Is it Safe to Save Levels and Choose the Lowest Instrumented Vertebra as Touched Vertebra While Selectively Fusing Lenke 1/2 Curves? A Proportional Meta-Analysis of Existing Evidence
- PMID: 35392687
- PMCID: PMC9837513
- DOI: 10.1177/21925682221091744
Is it Safe to Save Levels and Choose the Lowest Instrumented Vertebra as Touched Vertebra While Selectively Fusing Lenke 1/2 Curves? A Proportional Meta-Analysis of Existing Evidence
Abstract
Study design: Meta-analysis.
Objective: To compare the clinical and radiological outcomes in patients with Adolescent Idiopathic scoliosis (AIS) treated by selective thoracic fusion (STF) with lowest instrumented vertebra (LIV) at touched vertebra (TV) vs stable vertebra (SV).
Methods: The databases PubMed, Embase and Google Scholar were searched until November 2020.Studies which had Lenke type 1 curves and Lenke type 2 curves in adolescent population treated by STF and which reported pre- and post-operative curve characteristics including correction percentage and complications were included.
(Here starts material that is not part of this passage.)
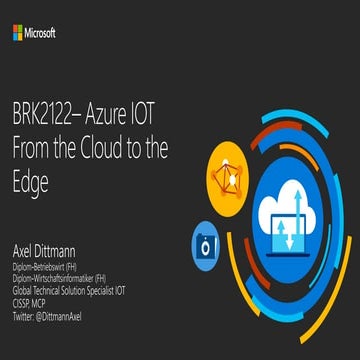 BRK2122 IOT - From the cloud to the edge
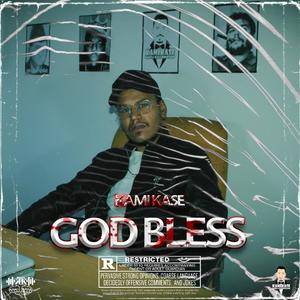 GOD BLESS KAMIKASE (Explicit)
Studies which did not report the LIV selection, curve correction percentages and whose full text could not be acquired were excluded.
Results: Eight studies were included for analysis of which seven were found to be retrospective studies (level III evidence) and one was prospective study (level II evidence) each. Overall proportional meta-analysis found no significant difference in correction rate, total srs-22 scores, and complication rates.
Conclusion: The evaluation of SV group and TV group as LIV for selective thoracic fusions in AIS reveals a comparable outcome in terms of curve correction, patient satisfaction scores and complication rates. The TV can be chosen safely as the LIV especially in type A and B Lenke 1&2 curves, as it saves more motion segments when compared to SV.
Keywords: Lenke 1 & 2 curves; Selective thoracic fusion; Stable vertebra; Touched vertebra; adolescent idiopathic scoliosis.
Conflict of interest statement
The author(s) declared no potential conflicts of interest with respect to the research, authorship, and/or publication of this article.